LONDON: The British government has ditched plans to part-privatise the state-owned postal operator Royal Mail due to "market conditions," Business Secretary Peter Mandelson said Wednesday.

"Market conditions have made it impossible to conclude the process to identify a partner for the Royal Mail on terms we can be confident would secure value for the taxpayer," Mandelson told Britain's upper house of parliament, the House of Lords.

The announcement marked a major U-turn for Prime Minister Gordon Brown's Labour government -- but Mandelson vowed to re-visit the issue once volatile economic conditions returned to normal.

"There is no prospect in current circumstances of achieving the objectives of the Postal Services Bill. When market conditions change we will return to the issue," he told the House of Lords.

In December, the government revealed that it had received interest from Dutch company TNT over the proposed partial privatisation of up to 30 percent of the company.

"We have thoroughly tested the market to see who is interested in partnership, but economic circumstances, I need hardly point out, are extremely difficult," Mandelson added on Wednesday.

"I have always been clear that we would only do a deal with the private sector if it represented value for money for the taxpayer.

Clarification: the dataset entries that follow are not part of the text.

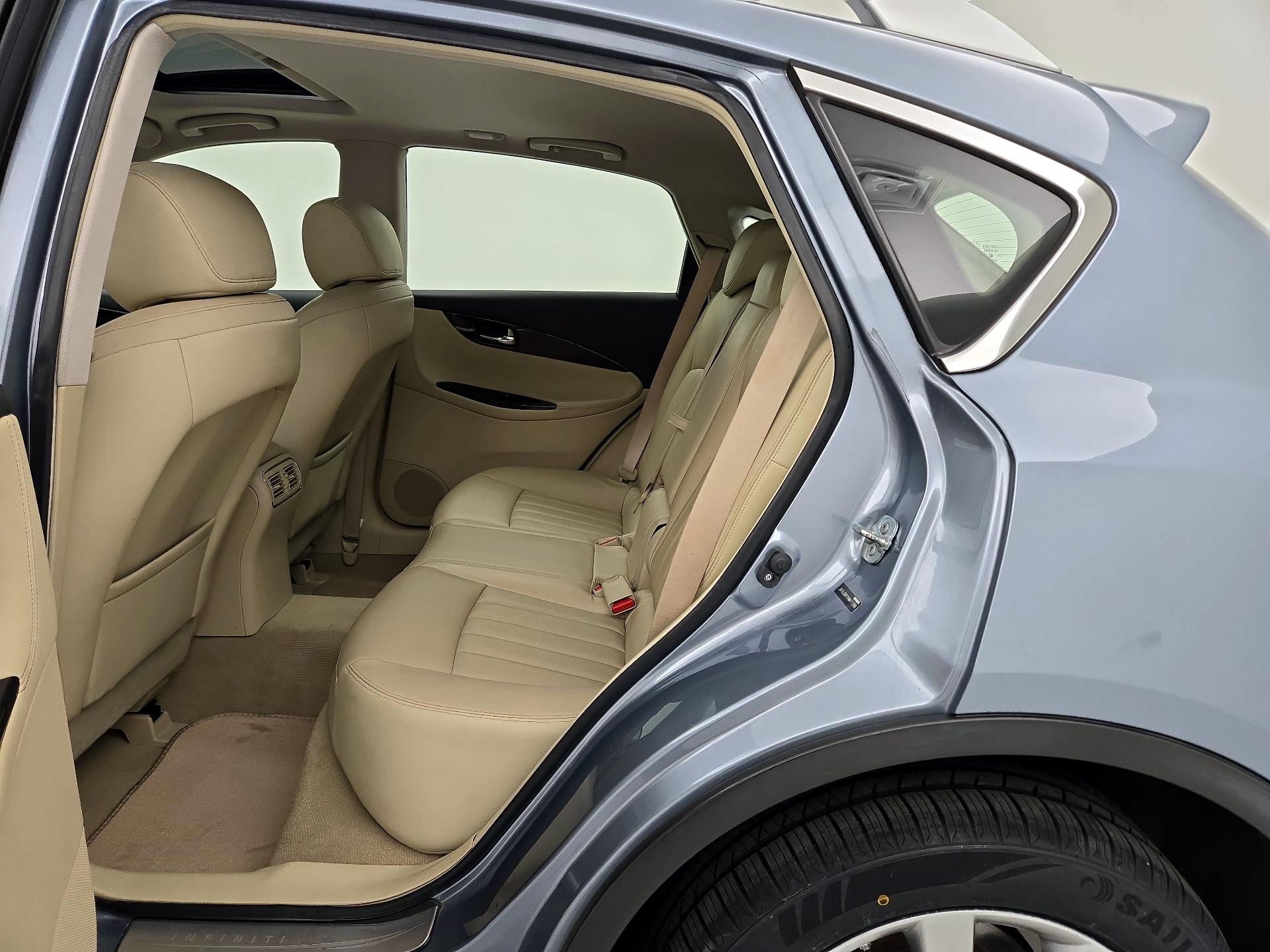 Thumbnail: 2017 INFINITI QX50 - 20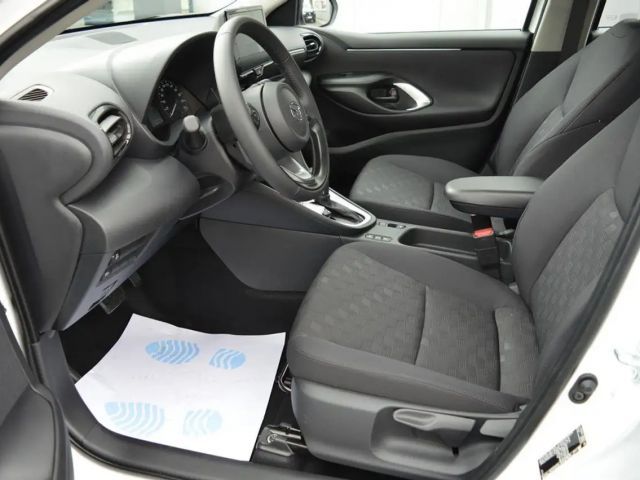 Mazda 2 Hybrid 1.5 VVT-i 116 CVT Centre-Line *SH+Cam+DAB*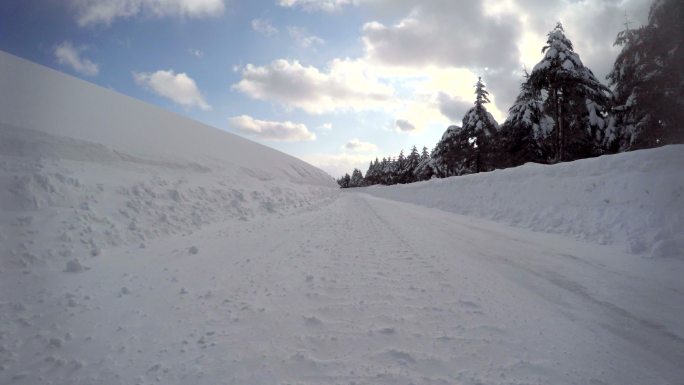 铺满白雪的公路雪路白雪皑皑积雪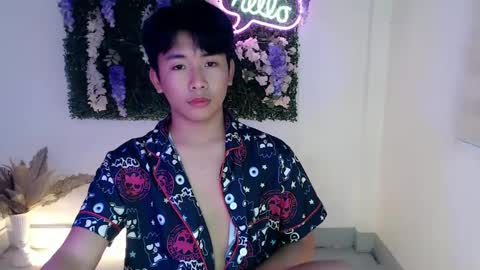 Snapshot of totalbabe1x chatting on March 6, 2025, 1:14 pm totalbabe1x online show from March 6, 2025, 1:14 pm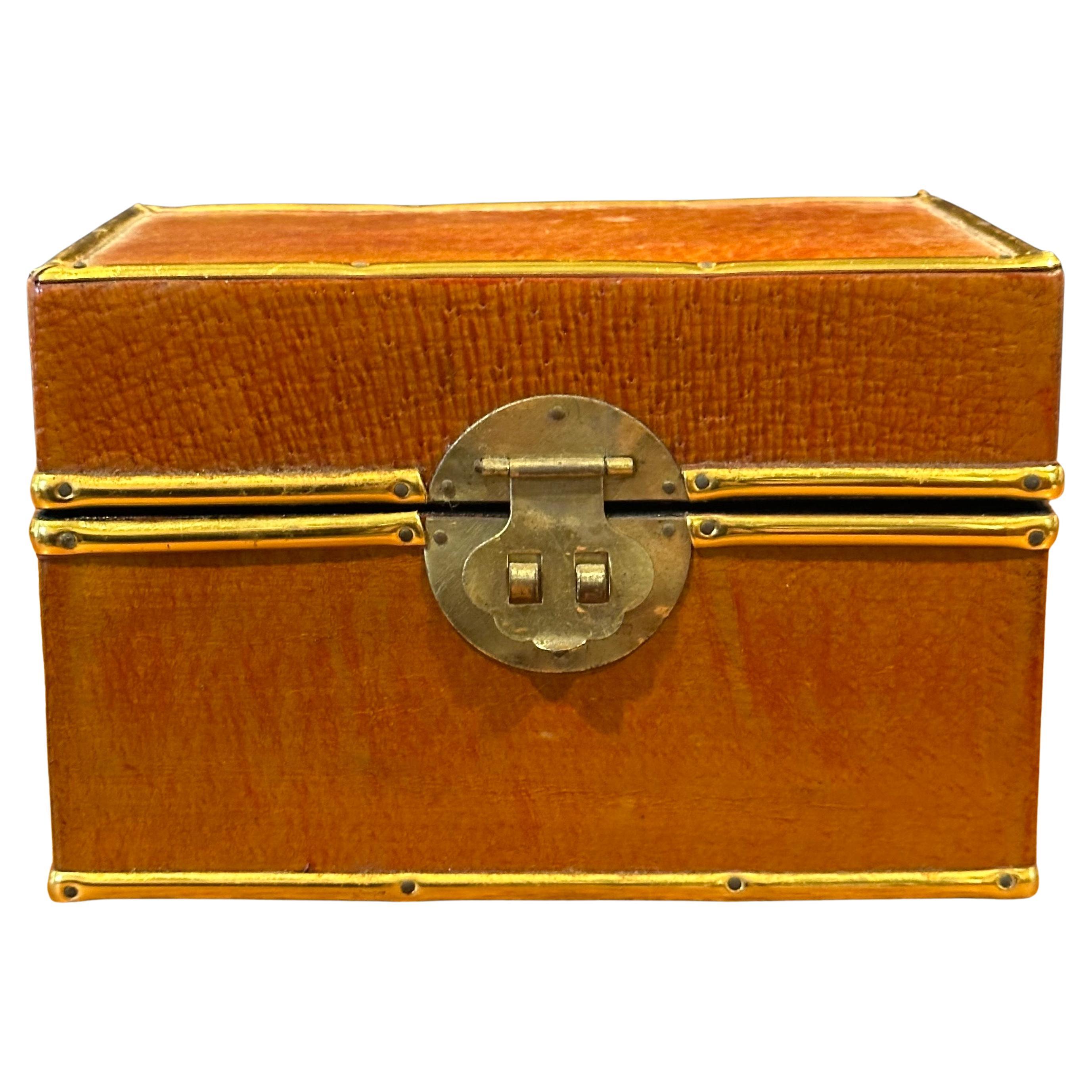 Maravillosa caja de baratijas china de cuero y latón lacado con tapa, hacia la década de 1970. La caja artesanal mide 6,25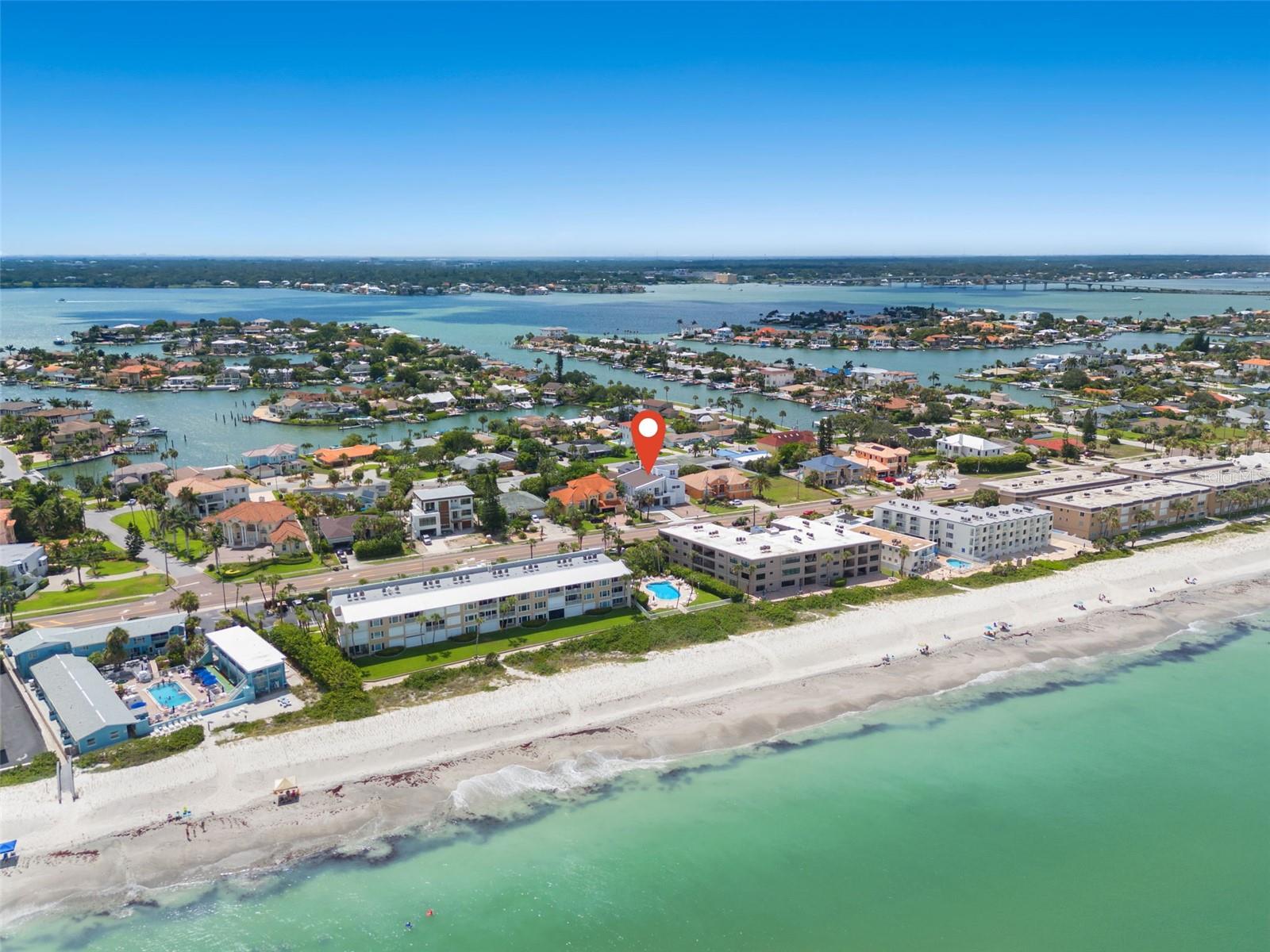 3221 GULF BLVD, BELLEAIR BEACH, FL — photo 2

"Our market testing has shown now is not the time to sell a minority stake in Royal Mail."

Ministers had argued that private sector investment was urgently required to secure the future of the Royal Mail, which is facing a pension deficit of up to eight billion pounds (nine billion euros, 13 billion dollars).

In December, TNT proposed a "strategic partnership" in which it would hold a "substantial minority shareholding" in Royal Mail.

But the plans hit the buffers when TNT balked at the valuation put on Royal Mail.

Prime Minister Gordon Brown told Sky News the decision was taken "partly because of the recession in Britain, but it is also because we had international investors interested at one point, but we have got a recession in the rest of Europe as well."

The proposals also faced strong opposition from the Communications Workers Union (CWU), which threatened to vote to break its historic ties with the governing Labour Party over the issue.

Brown was facing the prospect of a rebellion at the second reading of a bill on the proposed changes after 150 of Labour's backbench lawmakers signed a parliamentary motion opposing the sell-off.

Mandelson said last year that an independent review of the service had found that the status quo was "untenable" because Britons were sending fewer and fewer letters as they turned to new technology such as e-mail.